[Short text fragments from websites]
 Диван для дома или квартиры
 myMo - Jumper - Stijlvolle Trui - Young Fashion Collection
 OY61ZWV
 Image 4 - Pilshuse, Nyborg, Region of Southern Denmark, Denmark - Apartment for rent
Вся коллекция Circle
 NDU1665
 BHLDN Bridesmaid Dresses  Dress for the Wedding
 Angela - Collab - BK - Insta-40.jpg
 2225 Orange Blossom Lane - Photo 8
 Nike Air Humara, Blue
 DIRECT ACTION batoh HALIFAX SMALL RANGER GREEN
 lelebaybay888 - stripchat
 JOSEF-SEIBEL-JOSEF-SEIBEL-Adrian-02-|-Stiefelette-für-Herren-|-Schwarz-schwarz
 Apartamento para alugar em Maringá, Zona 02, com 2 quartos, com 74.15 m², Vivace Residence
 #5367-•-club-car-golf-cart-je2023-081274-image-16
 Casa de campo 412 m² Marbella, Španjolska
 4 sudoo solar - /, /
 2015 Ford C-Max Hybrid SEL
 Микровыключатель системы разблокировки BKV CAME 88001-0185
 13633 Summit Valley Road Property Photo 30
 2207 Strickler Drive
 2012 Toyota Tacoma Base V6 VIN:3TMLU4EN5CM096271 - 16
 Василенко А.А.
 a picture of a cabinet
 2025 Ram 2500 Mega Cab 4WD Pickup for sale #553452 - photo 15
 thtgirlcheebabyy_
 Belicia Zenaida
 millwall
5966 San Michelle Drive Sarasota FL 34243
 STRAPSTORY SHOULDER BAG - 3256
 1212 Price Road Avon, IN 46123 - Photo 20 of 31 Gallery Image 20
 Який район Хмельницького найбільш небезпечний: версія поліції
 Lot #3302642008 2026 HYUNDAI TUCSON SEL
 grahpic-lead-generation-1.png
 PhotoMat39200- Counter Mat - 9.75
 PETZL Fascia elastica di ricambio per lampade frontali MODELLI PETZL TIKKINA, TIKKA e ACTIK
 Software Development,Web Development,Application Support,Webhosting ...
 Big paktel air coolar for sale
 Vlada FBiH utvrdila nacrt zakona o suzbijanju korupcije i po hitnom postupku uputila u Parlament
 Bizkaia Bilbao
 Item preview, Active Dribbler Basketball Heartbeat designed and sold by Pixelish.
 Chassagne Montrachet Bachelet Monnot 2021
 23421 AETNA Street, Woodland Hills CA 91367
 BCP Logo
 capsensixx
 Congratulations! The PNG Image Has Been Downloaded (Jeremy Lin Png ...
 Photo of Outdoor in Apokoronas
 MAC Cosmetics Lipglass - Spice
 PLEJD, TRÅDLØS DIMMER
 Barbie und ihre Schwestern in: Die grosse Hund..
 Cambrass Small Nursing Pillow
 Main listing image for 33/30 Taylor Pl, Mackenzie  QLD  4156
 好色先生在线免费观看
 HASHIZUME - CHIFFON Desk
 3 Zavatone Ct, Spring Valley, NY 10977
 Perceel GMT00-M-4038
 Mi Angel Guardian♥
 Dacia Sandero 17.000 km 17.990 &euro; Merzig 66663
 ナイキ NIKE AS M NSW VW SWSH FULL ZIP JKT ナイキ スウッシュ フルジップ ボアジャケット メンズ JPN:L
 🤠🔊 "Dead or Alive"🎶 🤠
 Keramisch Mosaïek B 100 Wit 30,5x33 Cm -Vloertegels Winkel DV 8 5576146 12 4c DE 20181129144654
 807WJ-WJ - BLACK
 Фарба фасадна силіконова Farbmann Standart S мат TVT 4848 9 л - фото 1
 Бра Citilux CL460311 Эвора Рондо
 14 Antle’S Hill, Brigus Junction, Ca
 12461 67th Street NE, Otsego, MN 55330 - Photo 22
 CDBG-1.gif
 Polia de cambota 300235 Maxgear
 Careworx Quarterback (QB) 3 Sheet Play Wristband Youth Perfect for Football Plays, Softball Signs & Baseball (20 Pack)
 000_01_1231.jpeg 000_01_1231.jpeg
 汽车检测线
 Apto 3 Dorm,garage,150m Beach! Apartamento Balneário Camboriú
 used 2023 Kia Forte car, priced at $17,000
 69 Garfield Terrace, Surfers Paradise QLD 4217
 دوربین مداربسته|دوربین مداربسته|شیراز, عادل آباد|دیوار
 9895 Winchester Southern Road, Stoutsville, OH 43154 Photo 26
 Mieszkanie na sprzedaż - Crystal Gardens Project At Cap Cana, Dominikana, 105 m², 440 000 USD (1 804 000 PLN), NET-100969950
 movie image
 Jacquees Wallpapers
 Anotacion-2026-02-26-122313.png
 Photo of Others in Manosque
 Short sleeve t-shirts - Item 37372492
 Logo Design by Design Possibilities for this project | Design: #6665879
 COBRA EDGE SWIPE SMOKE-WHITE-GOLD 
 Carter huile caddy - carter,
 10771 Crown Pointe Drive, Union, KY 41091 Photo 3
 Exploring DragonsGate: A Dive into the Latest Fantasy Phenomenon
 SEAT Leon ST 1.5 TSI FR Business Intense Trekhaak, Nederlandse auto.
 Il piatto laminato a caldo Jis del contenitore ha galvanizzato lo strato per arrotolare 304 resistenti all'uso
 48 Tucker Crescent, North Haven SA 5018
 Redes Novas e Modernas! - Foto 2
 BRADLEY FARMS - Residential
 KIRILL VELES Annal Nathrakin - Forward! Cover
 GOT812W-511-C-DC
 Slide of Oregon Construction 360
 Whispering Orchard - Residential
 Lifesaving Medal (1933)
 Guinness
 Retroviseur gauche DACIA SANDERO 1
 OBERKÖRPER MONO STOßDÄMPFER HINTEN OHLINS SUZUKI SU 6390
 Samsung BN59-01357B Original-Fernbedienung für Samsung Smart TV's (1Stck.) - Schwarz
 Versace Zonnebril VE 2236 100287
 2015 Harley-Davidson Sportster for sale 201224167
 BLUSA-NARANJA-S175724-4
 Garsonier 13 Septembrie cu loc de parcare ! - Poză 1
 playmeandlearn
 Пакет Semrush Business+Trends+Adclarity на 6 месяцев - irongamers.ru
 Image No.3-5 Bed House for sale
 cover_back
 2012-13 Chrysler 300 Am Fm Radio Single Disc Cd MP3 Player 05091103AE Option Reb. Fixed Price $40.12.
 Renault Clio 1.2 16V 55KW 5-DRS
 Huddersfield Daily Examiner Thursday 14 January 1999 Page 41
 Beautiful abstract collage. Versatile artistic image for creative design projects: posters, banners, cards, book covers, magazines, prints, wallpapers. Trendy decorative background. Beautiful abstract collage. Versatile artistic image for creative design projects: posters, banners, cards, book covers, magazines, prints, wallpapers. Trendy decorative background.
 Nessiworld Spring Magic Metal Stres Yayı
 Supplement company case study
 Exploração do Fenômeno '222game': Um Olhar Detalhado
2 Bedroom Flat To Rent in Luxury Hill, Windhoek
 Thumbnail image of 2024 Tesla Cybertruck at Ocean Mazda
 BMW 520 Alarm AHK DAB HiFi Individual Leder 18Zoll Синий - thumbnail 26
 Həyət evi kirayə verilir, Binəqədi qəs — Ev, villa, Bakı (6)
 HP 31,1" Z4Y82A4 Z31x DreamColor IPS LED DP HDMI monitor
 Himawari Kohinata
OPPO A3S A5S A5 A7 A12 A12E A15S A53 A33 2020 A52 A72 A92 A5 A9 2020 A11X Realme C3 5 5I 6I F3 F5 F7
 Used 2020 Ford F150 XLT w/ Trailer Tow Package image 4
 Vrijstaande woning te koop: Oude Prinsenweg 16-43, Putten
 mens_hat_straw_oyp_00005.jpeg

- [Assignment]: Scan the entries above for the string "Spring" and copy each line that contains it.

- [Answer to this exercise]:
 3 Zavatone Ct, Spring Valley, NY 10977
 Nessiworld Spring Magic Metal Stres Yayı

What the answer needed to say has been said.